What had been a plenty-of-defense, little-offense, relatively quiet series early — a total of four goals were scored in Games 1 and 2 — turned downright feisty and more wide-open in Boston's 4-3 victory in Game 3.
So Game 4 reverted to the first style, thanks in large part to Holtby.
The Canadian is only 22 — 16 years younger than Thomas, who earned last season's Conn Smythe and Vezina trophies — and has made a grand total of 18 regular-season starts in his career. But Holtby is playing in his first NHL postseason because of injuries to Washington's top two goalies, Tomas Vokoun and Michal Neuvirth.

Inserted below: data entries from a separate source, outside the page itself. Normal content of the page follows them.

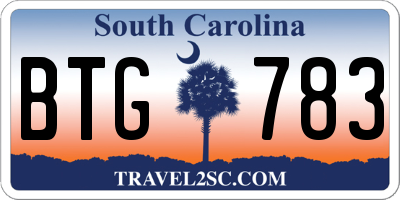SC license plate BTG783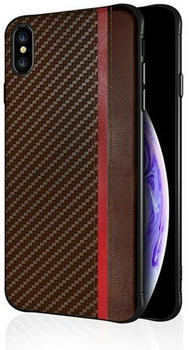 König Design für Samsung Galaxy A40s Handyhülle Case Cover Schale Carbon Optik Bumper Braun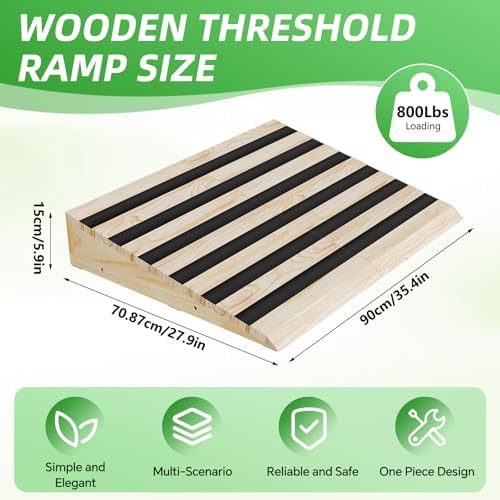PAKASEPT 5.9" Wooden Threshold Ramp for Home Steps, Door Ramp with Non-Slip Grooves for Wheelchair/Walker/Cart/Scooter, 1100LBS Load Capacity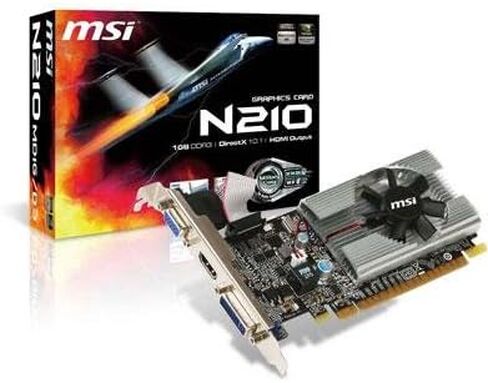 بطاقة فيديو MSI GeForce 210 1GB 64 بت (N210-MD1G/D3) DDR3 PCI Express 2.0 x16 HDCP جاهزة للملف الشخصي المنخفض in Kuwait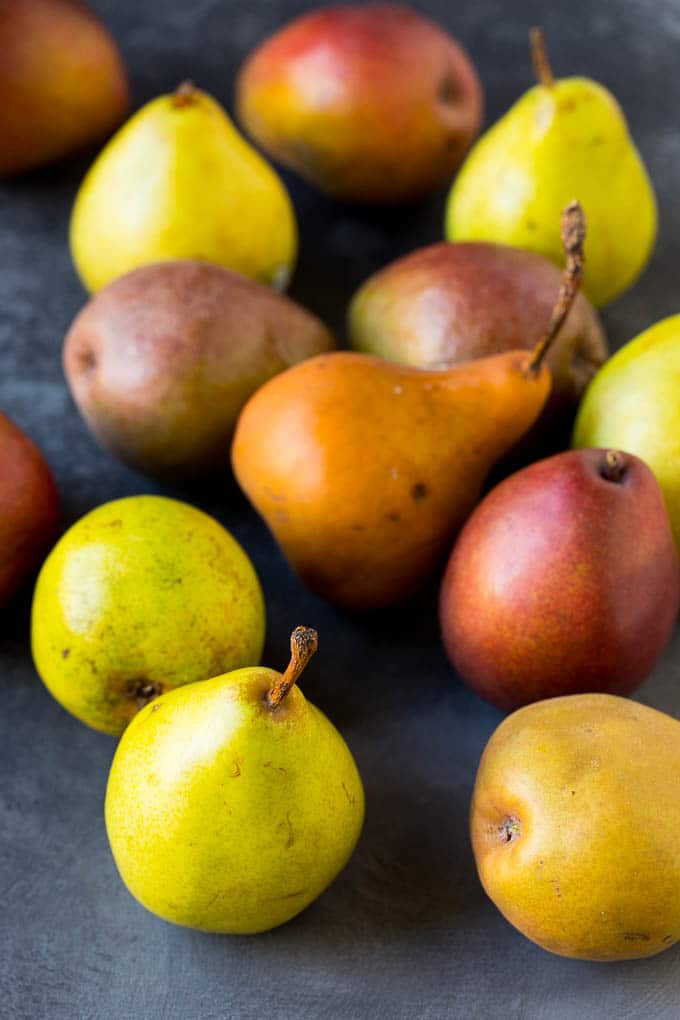Pear Salad Recipe #salad #pears #fall #winter #dinner #sraye Assorted whole pears.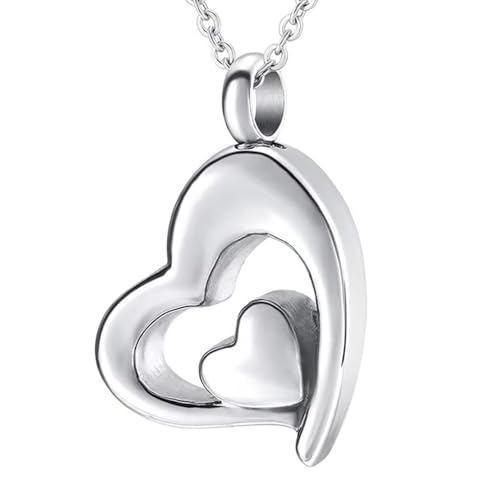 Jiqoe Herz-Halskette aus Edelstahl mit doppeltem Herz-Anhänger zur Aufbewahrung von Asche Jiqoe Herz-Halskette aus Edelstahl mit doppeltem Herz-Anhänger zur Aufbewahrung von Asche von Jiqoe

And the kid has looked like a grizzled veteran for all but Game 3. He stopped 72 of 74 shots in Games 1 and 2, then was terrific again in Game 4. Over the span of about a minute early in the second period, Holtby made three reflex saves to thwart Bruins chances.
Washington needed all of 82 seconds to take the lead, thanks to the tweaked top line of Ovechkin, Johansson and Brooks Laich.
Ovechkin and Bruins defenseman Andrew Ference got tangled up by the boards near mid-ice and both tumbled down, creating some space for Laich to collect the puck and rush unencumbered into the offensive zone. He bided his time before sliding the puck over to Johansson for a high one-timer past Thomas.
Not only was that the Capitals' first shot of the game — it was the hosts' only shot for the first 12½ minutes, making Thomas' save percentage 0.0 for a while.